# Best mobile around Rs 12000



## sk_sin28 (Jan 1, 2012)

I am looking to buy a cellphone. My budget is around Rs. 12000.
I would prefer a cellphone with good camera, nice audio and android os.
Please suggest me Samsung cellphones.
My choice is Galaxy S and Galaxy Ace.


----------



## Skud (Jan 1, 2012)

Galaxy SL (not S) is 18k, Ace is 14k.


----------



## thetechfreak (Jan 1, 2012)

Would say try and avoid Ace. If you can spend a bit more  get a Neo V and if you want to save a bit of cash look at Optimus Net.


----------



## siddhipatel (Jan 2, 2012)

Hello,

I would suggest you Samsung Galaxy Fit having android OS and 5MP camera. Another option for you is Samsung Galaxy Pop. Both these phones are in your budget and fulfills all your requirement.


----------



## coderunknown (Jan 2, 2012)

fit & pop comes with 240X320 resolution screen. this suites only budget 5k mobiles not android smartphones. ace comes with less than 300Mb ram. a serious let down.


----------



## omega44-xt (Jan 2, 2012)

Check Motorola Fire XT. It has 5MP camera, a decent config .

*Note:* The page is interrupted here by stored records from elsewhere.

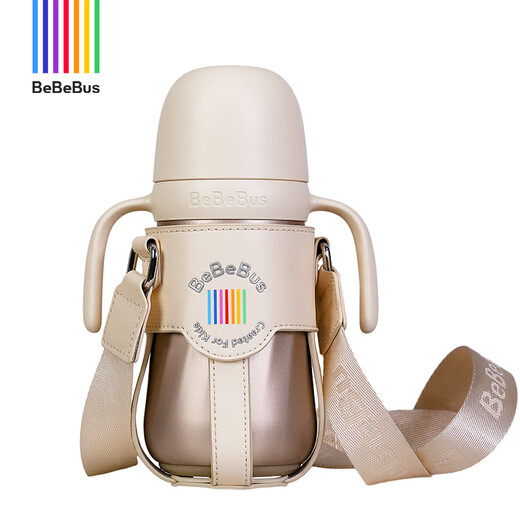 Bebebus Diamond Small Month-old Insulated Cup Infant Insulated Bottle Children's Water Cup 316l Outgoing Insulated Kettle 270ml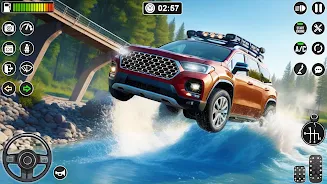 Prado Car Driver SUV Car Games Screenshot7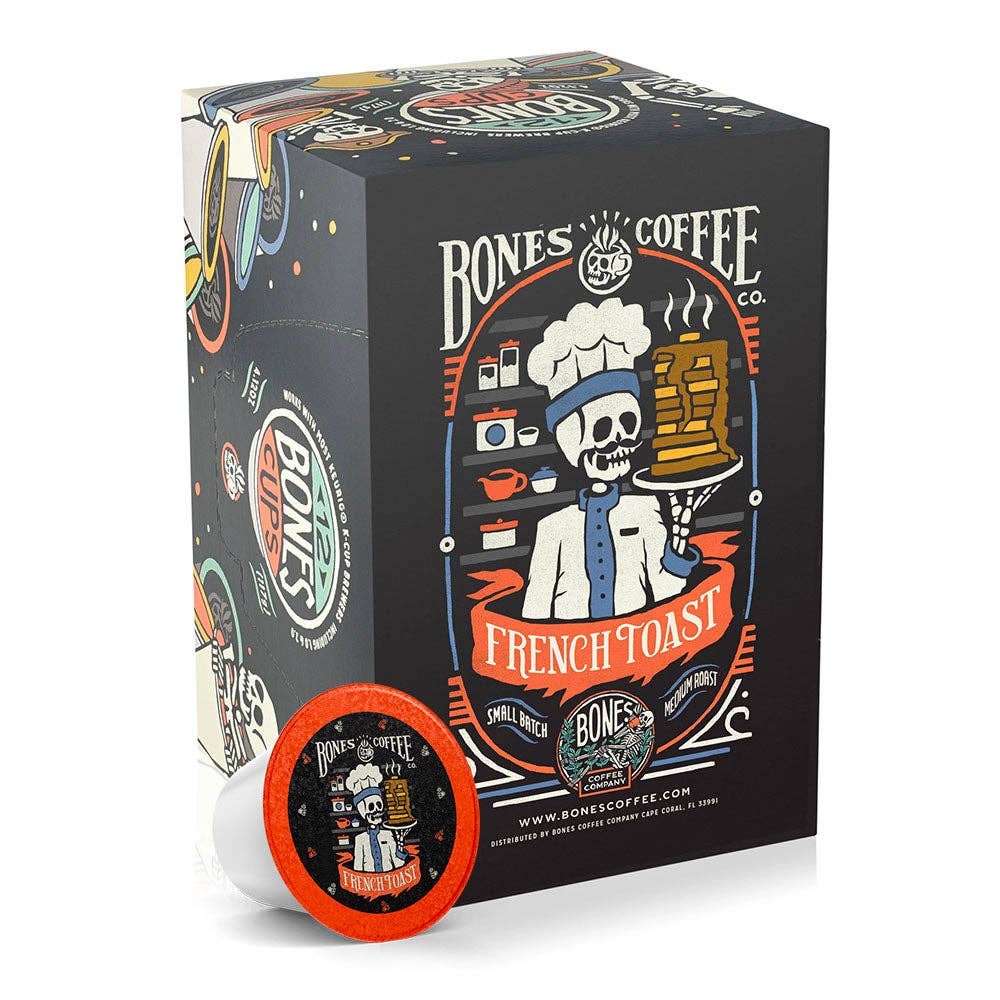 Flavored Coffee Pods - French Toast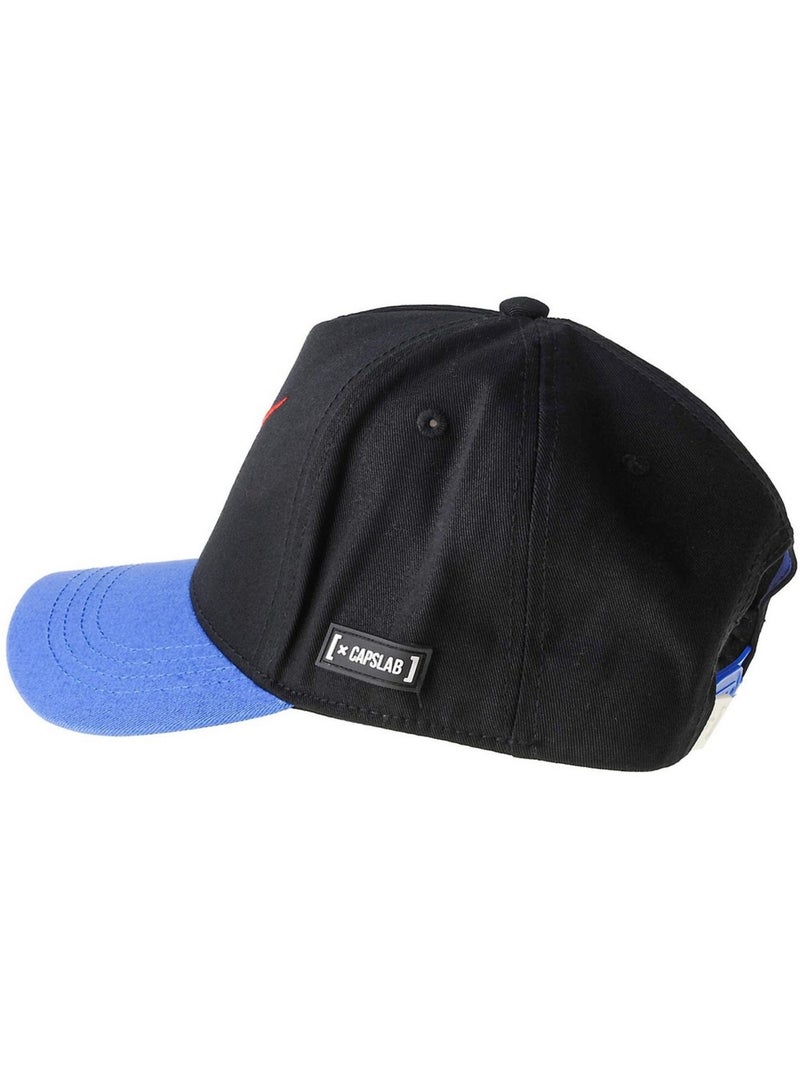 Capslab - Casquette de baseball motif/style NASA SPACE MISSION Noir Bleu - Kiabi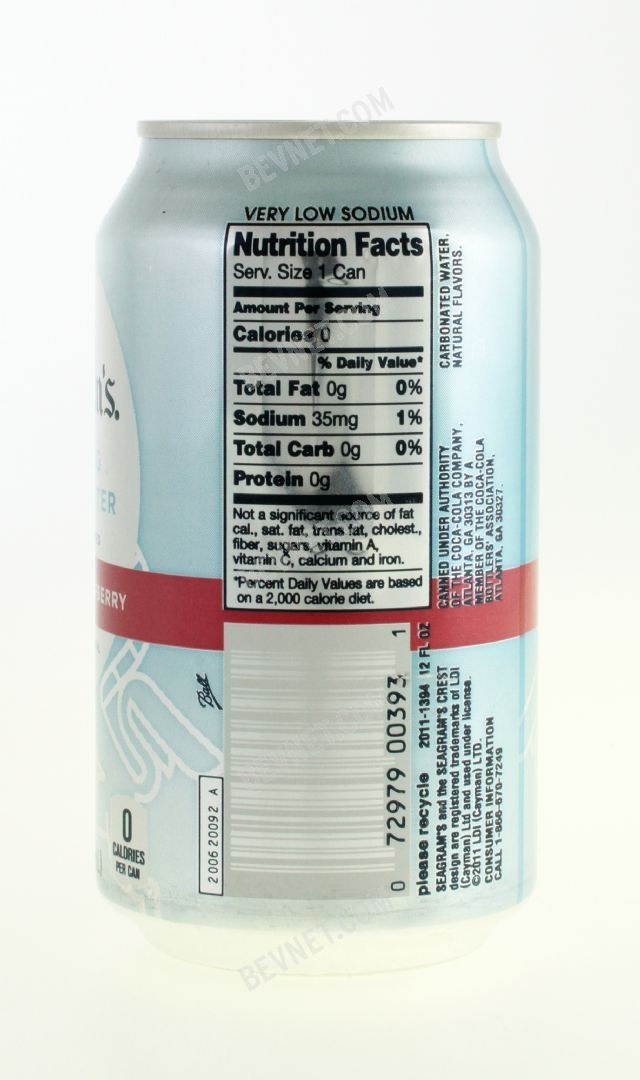 Seagram's: 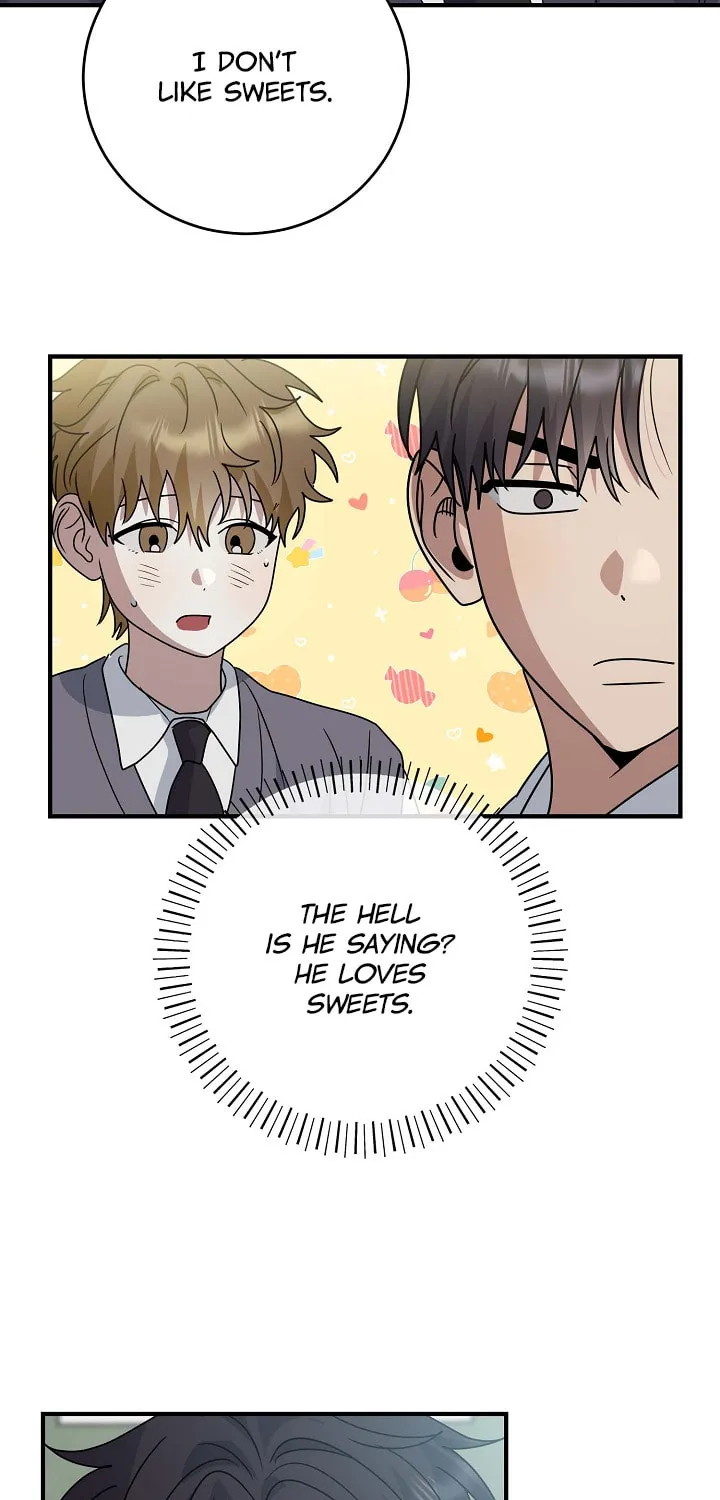 Between Us Now Chapter 24 page 42 - 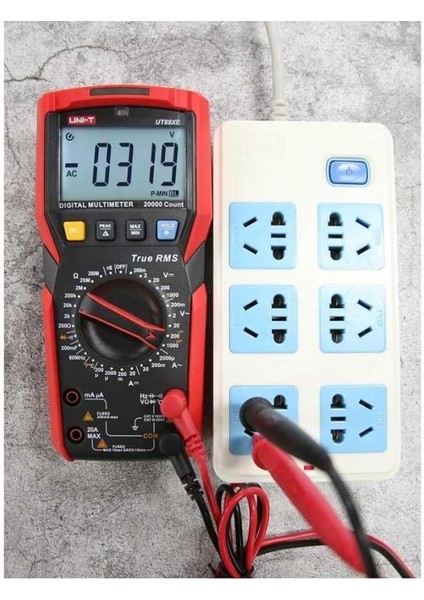 UT89XE True Rms Dijital Multimetre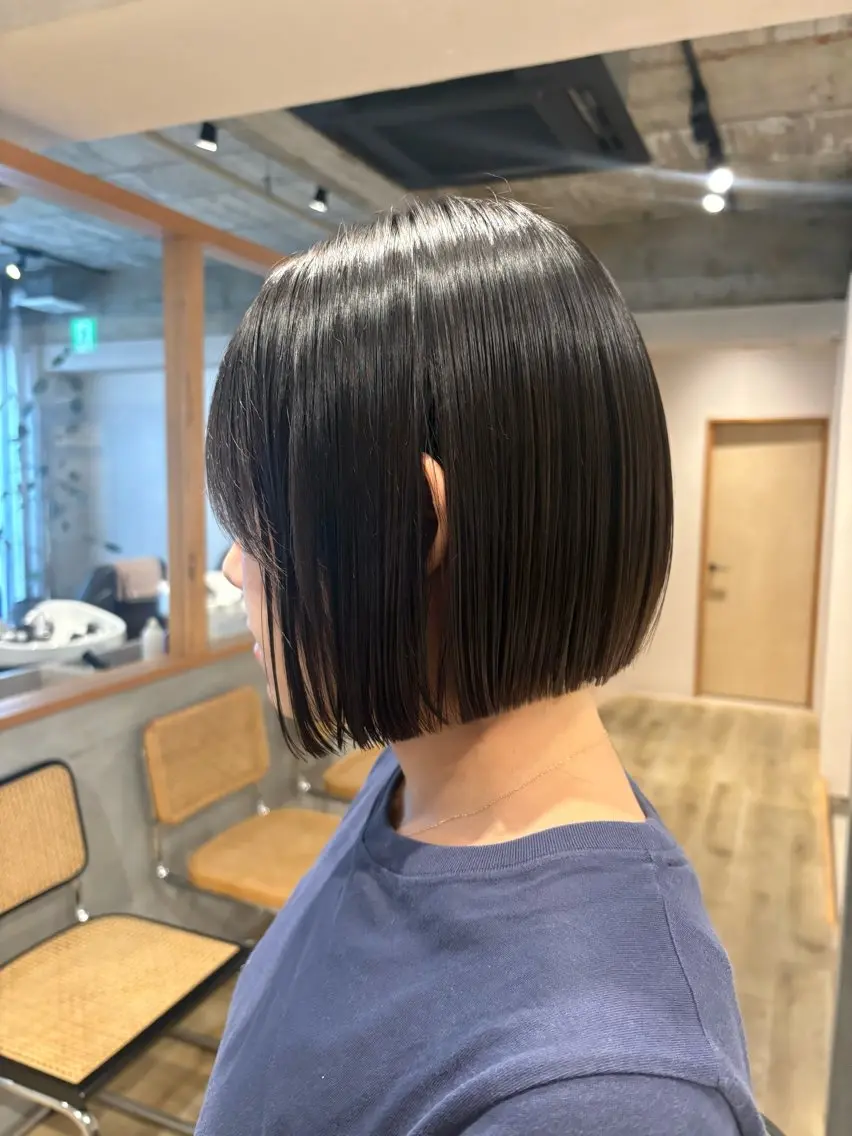 ショート カット ヘッドスパ ai ㅤのヘアスタイル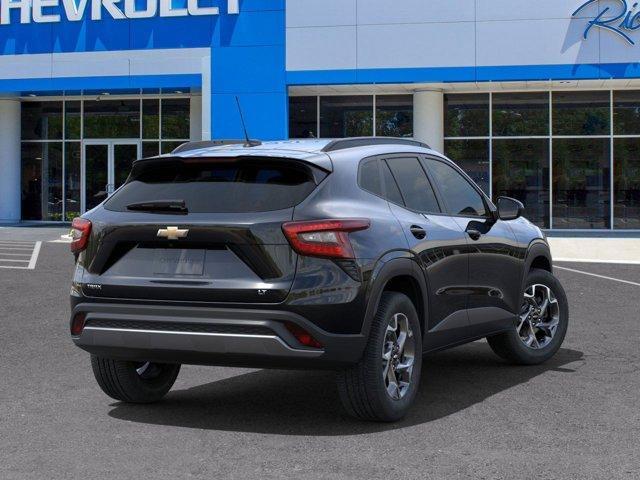 new 2025 Chevrolet Trax car, priced at $24,534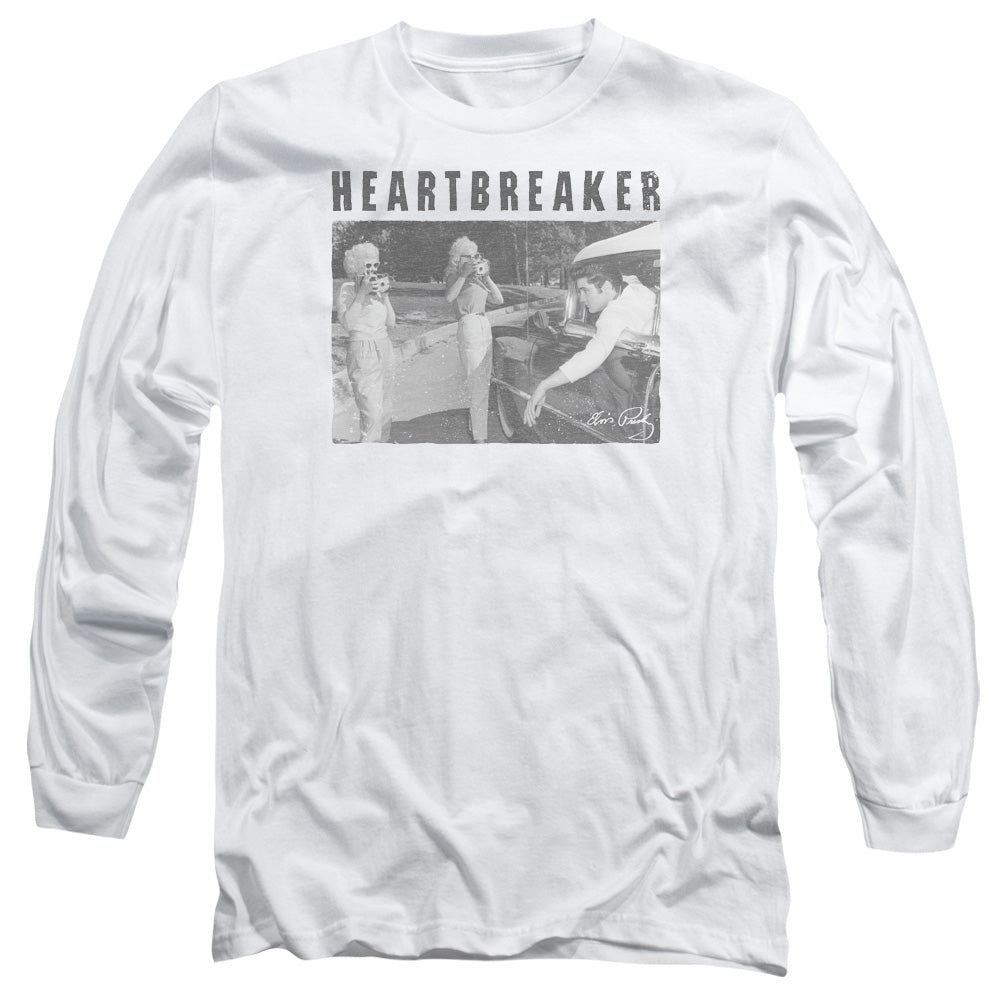 Elvis Presley Heartbreaker Long Sleeve T-Shirt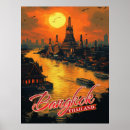Recherche de bangkok thaïlande posters Vintage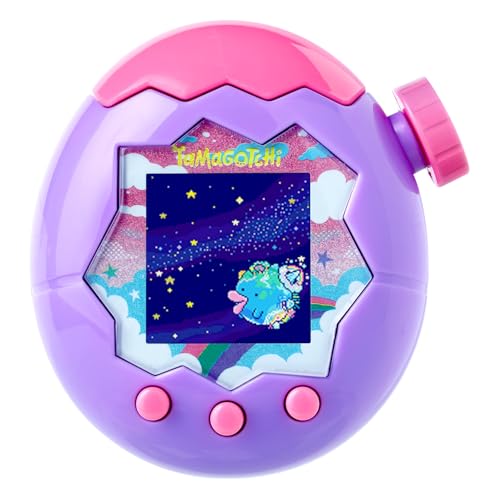 Bandai Tamagotchi Paradise Digital Pet Purple Sky Shell - Walmart.com
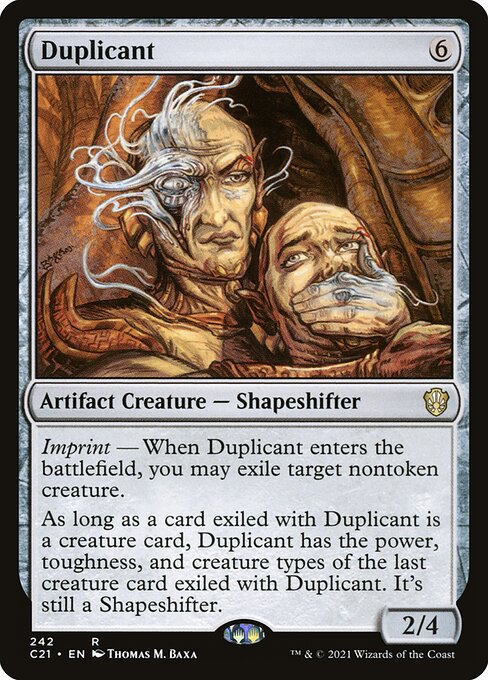 Duplicant (242) - Commander 2021 - Game On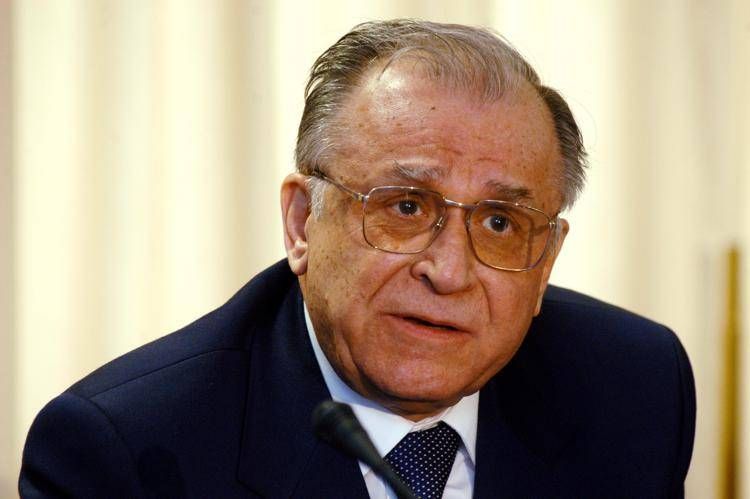 Ion Iliescu - Agenzia Fotogramma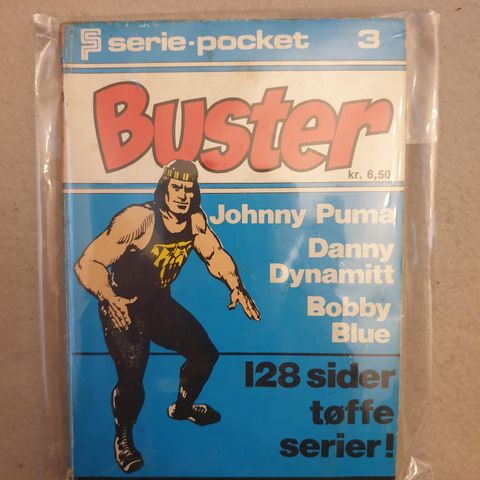 Serie-Pocket nr. 3: Buster!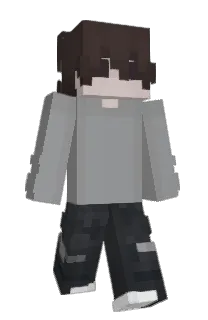 Front of declanut's skin
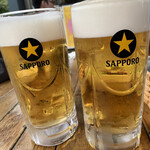 東北カフェ バル トレジオン - ビール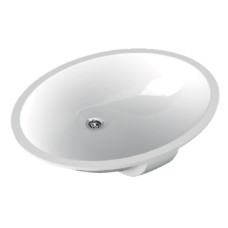 Умивальник овальний IMPRESE (38х47,5х18 см врізний під стільницю) (c06900103OV)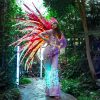 Light-up-adult-flamingo-costume-for-event-agencies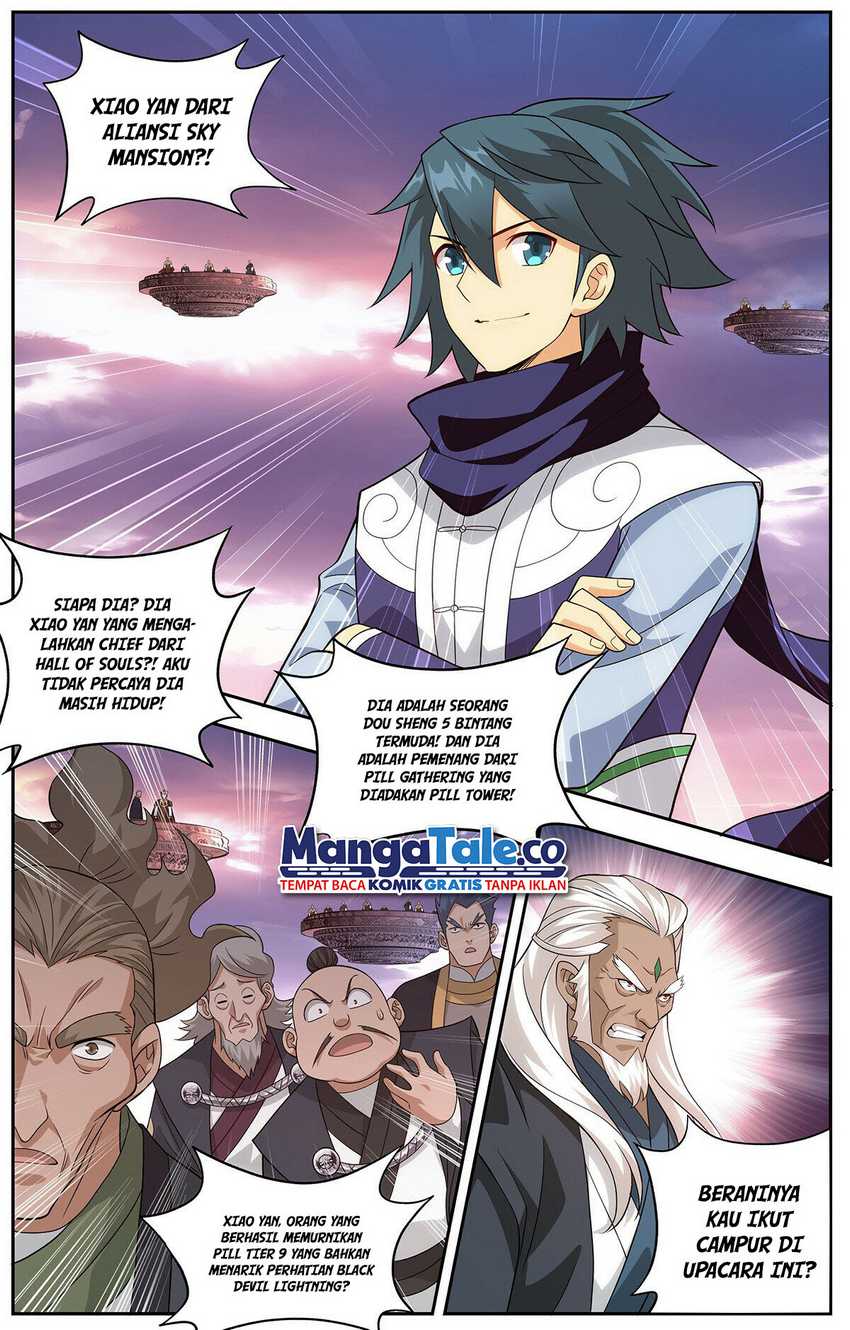 Battle Through the Heavens Chapter 436 - halaman 2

Also check out Sony Ericsson Xperia Mini. It has only 3" screen and is thick(15mm+)

Don't go for Ace !!


----------



## comp@ddict (Jan 2, 2012)

Go for Moto Defy @ 14k

Moto Fire sucks (bad screen, laggy UI, bad input, poor camera)


----------



## d6bmg (Jan 2, 2012)

Go for Moto Defy @14K
Actually +1 for the previous post of mine. (prolonged caching by my browser)


----------